A report by the China Tourism Academy in late July said customized travel, which first emerged in China in 2000, has grown rapidly since 2016.
According to a service standard on customized travel released in July by Ctrip, an online travel agency in Shanghai, customized travel is a tour product that includes services such as consultancy before the trip and hotel reservations and butler service during the trip.
Tan Jie, deputy general manager of the self-guided travel department at China CYTS Tours in Beijing, said the company had seen customized travel products grow from 11 percent of its business in 2016 to 26 percent last year.
Ctrip said customized travel reservations soared 180 percent year-on-year in 2018.
Xiang Min, a 31-year-old from central China's Hunan province, chose to be an itinerary designer in 2016 after working as a tour guide for three years.
"I learned tourism at college and then worked as a tour guide after graduation," she said.
"I want to give more to the customers, provide a more interesting experience at the destination and also a human touch during the trip."
Xiang said customized travel is quite different from traditional tours.
"The traditional product is a kind of standardized one, while a customized tour is more private and diversified, designed on the basis of the traveler's hobbies and demands."
She designed a couple's customized tour to Australia in April to focus on encounters with animals. "We were told the wife loved animals and wanted to stay close to different animals on the trip, so we booked them homestays at farms and also hotels featuring the opportunity to feed animals-for example, a giraffe," Xiang said.
She said an itinerary designer is responsible for one-stop services for travelers before and during the trip, and also needs to review the trip afterward.
"It's really important for the designer to keep learning about the destination and create travel plans that consider the customer's requests," she said.
Itinerary designers also enjoy higher pay than tour guides, according to a report by Ctrip in July based on a survey of the more than 6,000 designers registered with its platform.
It said the average monthly income of an itinerary designer is about 9,000 yuan ($1,308), while senior designers can earn as much as 40,000 yuan a month.
Young people born since 1995 accounted for nearly 35 percent of those surveyed, with the report saying they were attracted to the job because of their passion and curiosity about new professions and new ways of traveling.
Chen Lin, a 26-year-old from Yunnan province, said she enjoyed a great sense of accomplishment by working as an itinerary designer.

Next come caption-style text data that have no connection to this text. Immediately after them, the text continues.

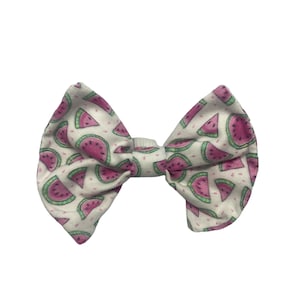 Dog Bow Tie, Summer Dog Bow Tie, Gift For Dog, Puppy Gift, Dog Accessories, Bow Tie for Harness, Dog Bow Tie Collar, Bow Tie, Slip on BowTie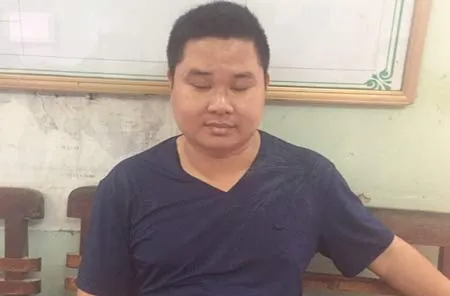 Đối tượng Chìu A Xám bị Công an huyện Bá Thước bắt giữ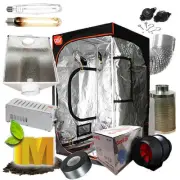 Hydroponics magnetic 250w 600w 1000w grow kits with 6" Ventilation tent system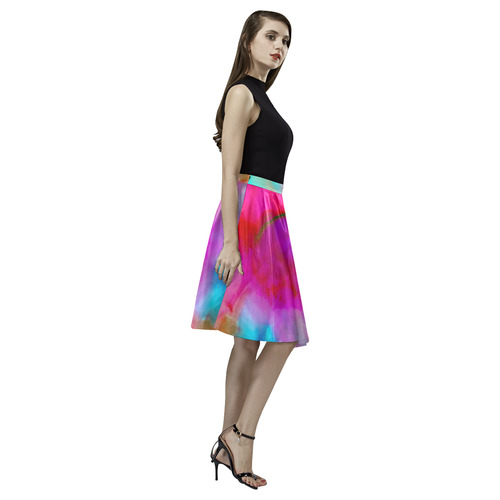 rainbow ink Melete Pleated Midi Skirt (Model D15)
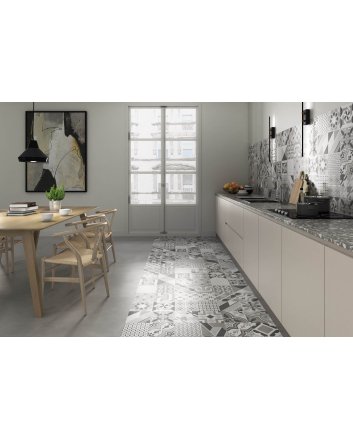 Emigres Hidra neutral wandtegel satijn 60x60 gris
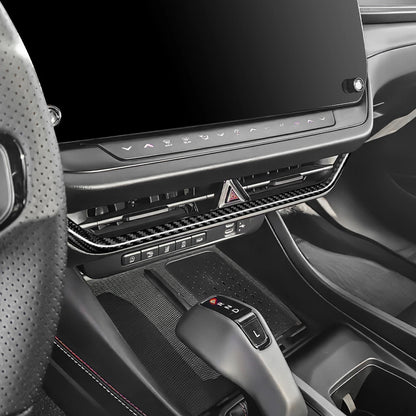 Sticker For Dodge Charger 2024 2025 2026 2027 Real Hard Dry Carbon Fiber Car Central Air Outlet Trim Strip Interior Accessories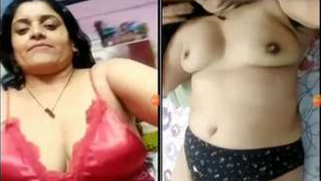XXX video of the naughty Desi aunty with beautiful natural breasts | XXX Video on AllSex.XXX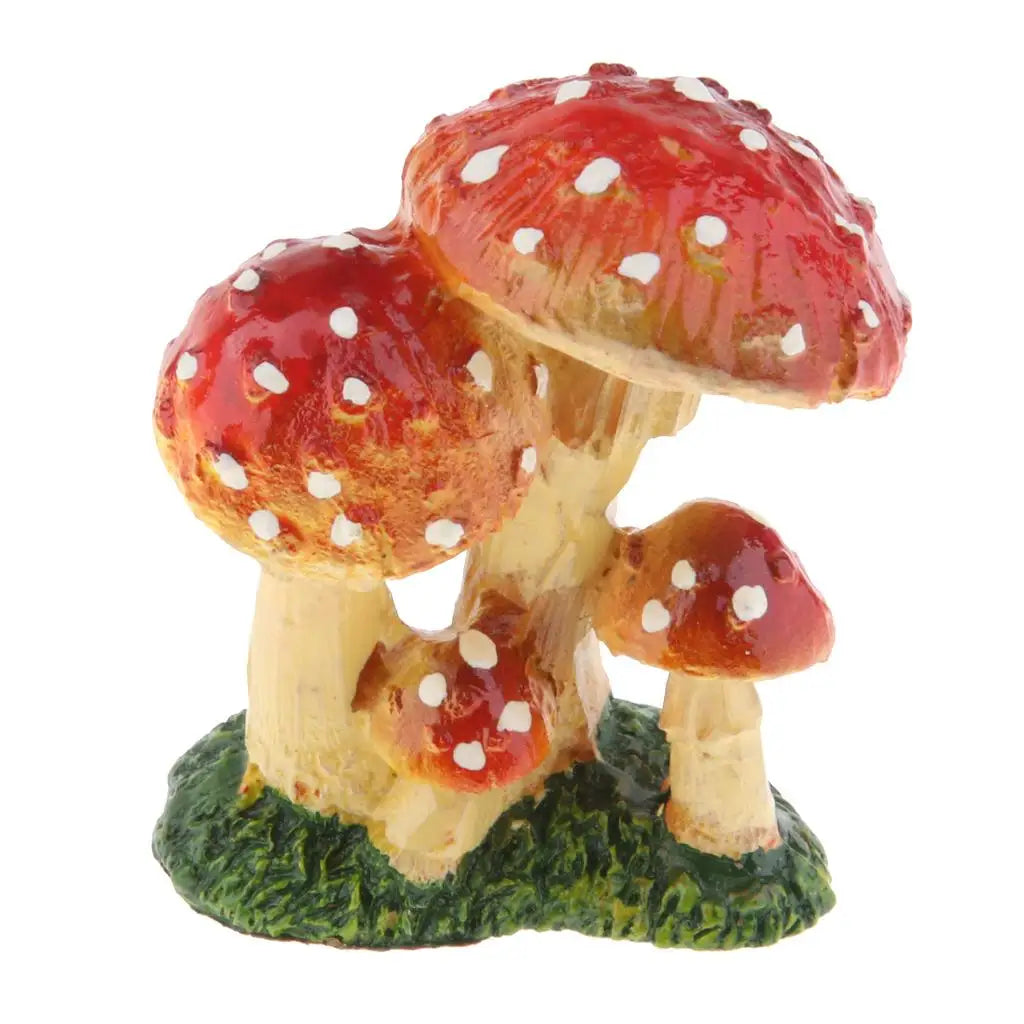 ornements jardin champignons décorations maison table sculptures pelouse extérieures figurines résine miniatures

"I used to be a tour guide for groups of travelers before getting involved in customized travel in 2017," she said.
"I can feel the change … I used to regard myself as a saleswoman because what I had to do was to sell the standardized product to travelers. However, a more human touch is required to become a itinerary designer.
"We can even become very good friends with the customers as we know what they value and what they love as tourists, not merely selling them an average product."